When I joined VMware, friends asked why? Wasn’t the future public cloud?
And I rejected that hypothesis.
The list below is an abridged version of a lot of deep thinking. These points have served me well over the years as I think about infrastructure.
One: Capex is more efficient spend than op-ex for things that can survive for more than 3 years
It’s taxed more efficiently, frees up cashflow, etc, etc. As power moves from gas/to solar, and spinning media runs on silicon, hardware can last about 1 decade.

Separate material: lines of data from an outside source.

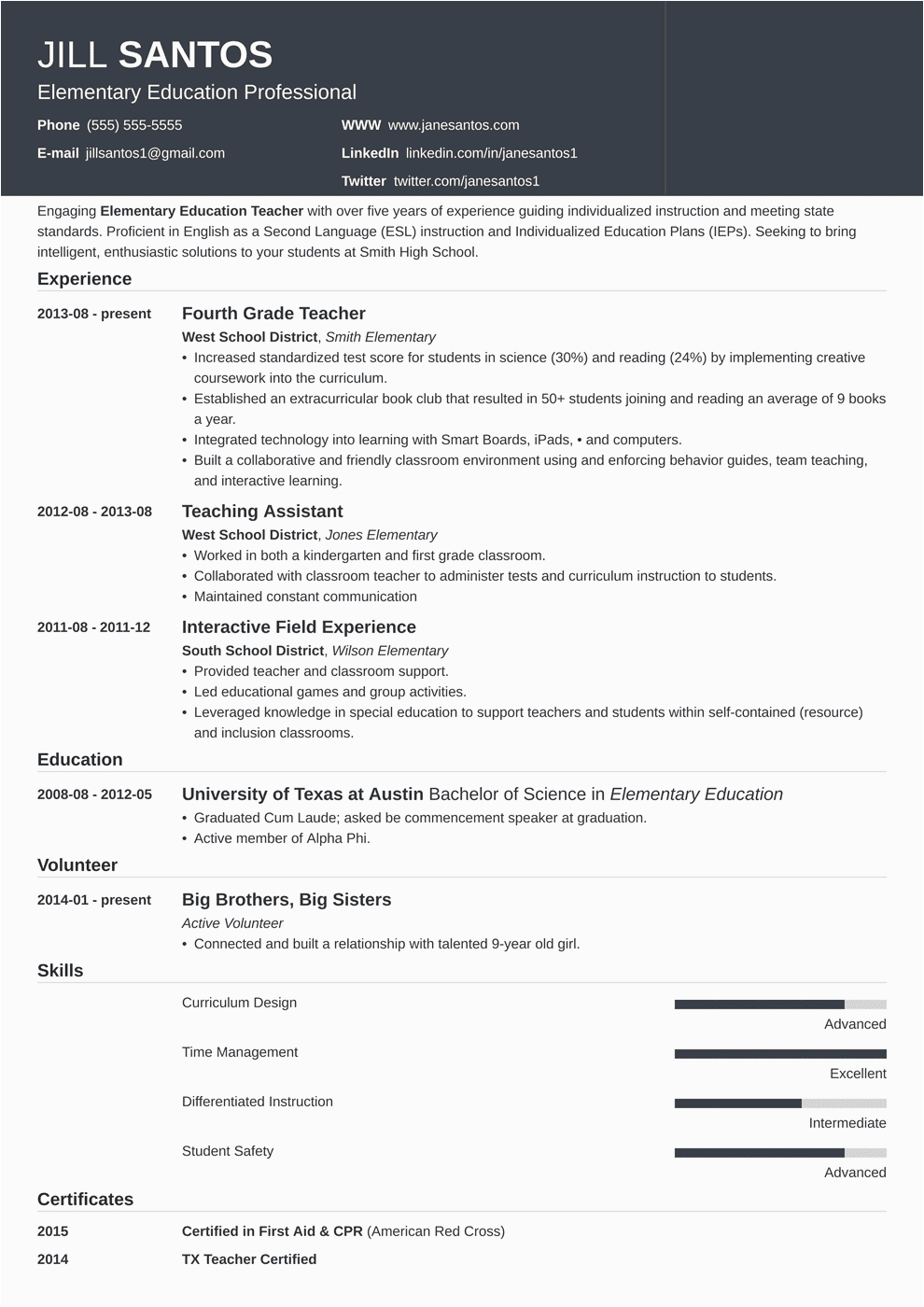 Sample Resume for Online Teaching Position Template for Teaching Resume
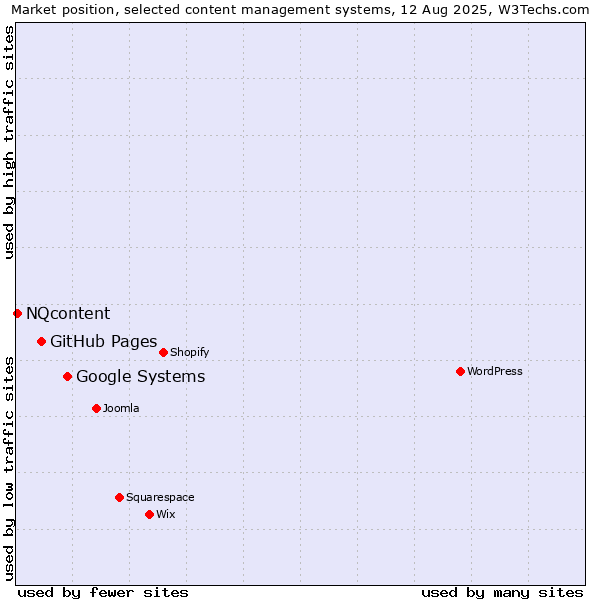 Market position of Google Systems vs. GitHub Pages vs. NQcontent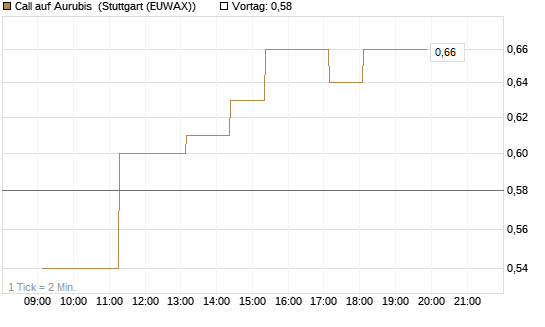 Call auf Aurubis [UniCredit Bank GmbH] Chart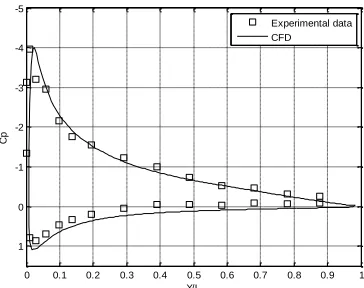 Fig. 3. Pressure coefficient distribution versus X/L, α=13°. 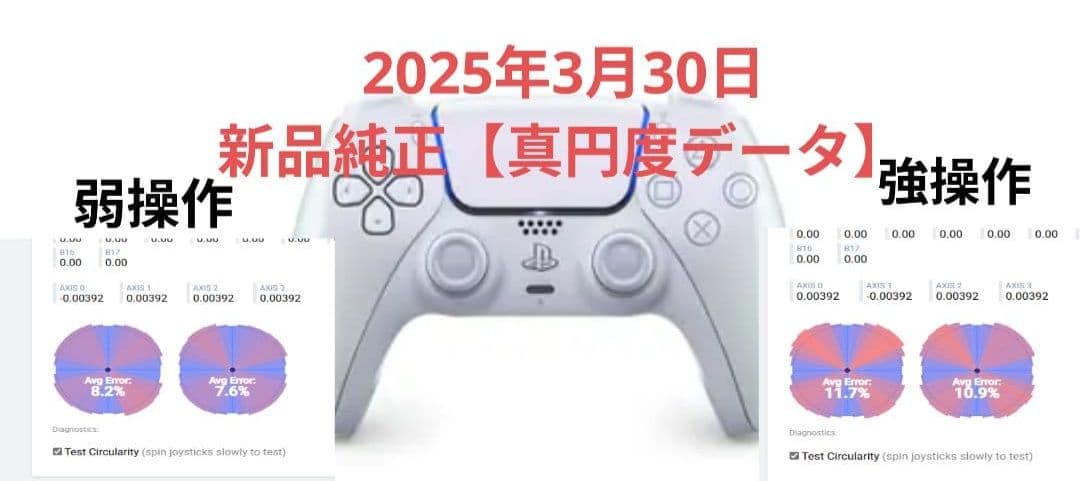 PS5( デュアルセンス DualSense　カスタムコントローラー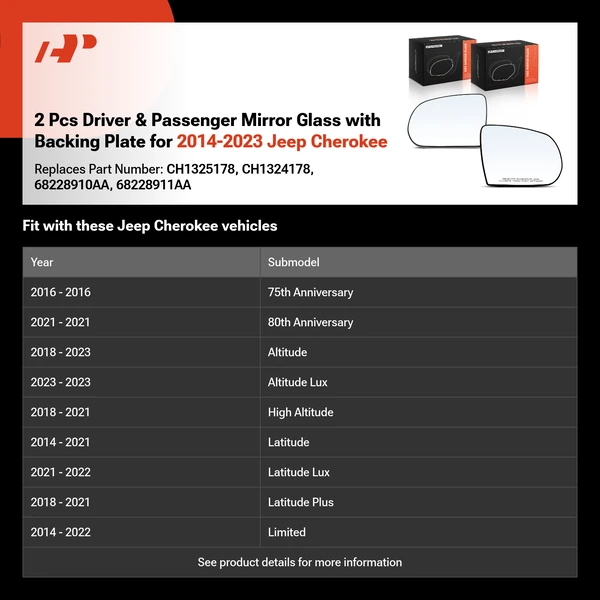 2 Pcs Driver & Passenger Mirror Glass with Backing Plate for 2014-2023 Jeep Cherokee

The systems don’t fail and the cost of running goes to 0.
If you know your capacity, you can literally buy once capitalize for 3 years, and run it for free for 7
Mainframes continue to survive for that reason.
Two: The Turing machine can run any program, and yet we have all kinds of hardware.
Why?
For any given workload, there is optimal hardware that will deliver the desired performance/reliability at an optimal cost.
Cloud doesn’t offer that hardware.
Three: Any prototype of a new system is best done in a typeless scripting language, any understood system is best done in a typed compiled language leveraging hardware
Every python project ever written that required performance or reliability had to be re-written in C/C++
Cloud optimizes for agility, not optimal execution.
Four: Computer systems that are inherently reliable are cheaper to operate than computer systems that are not
The single most important variable in making a system unreliable is how often it changes. A system that never changes, never breaks. The more people that touch a system, the more unreliable it becomes the more costly it is to operate.
Cloud infrastructure is always in-flux, thefore less reliable.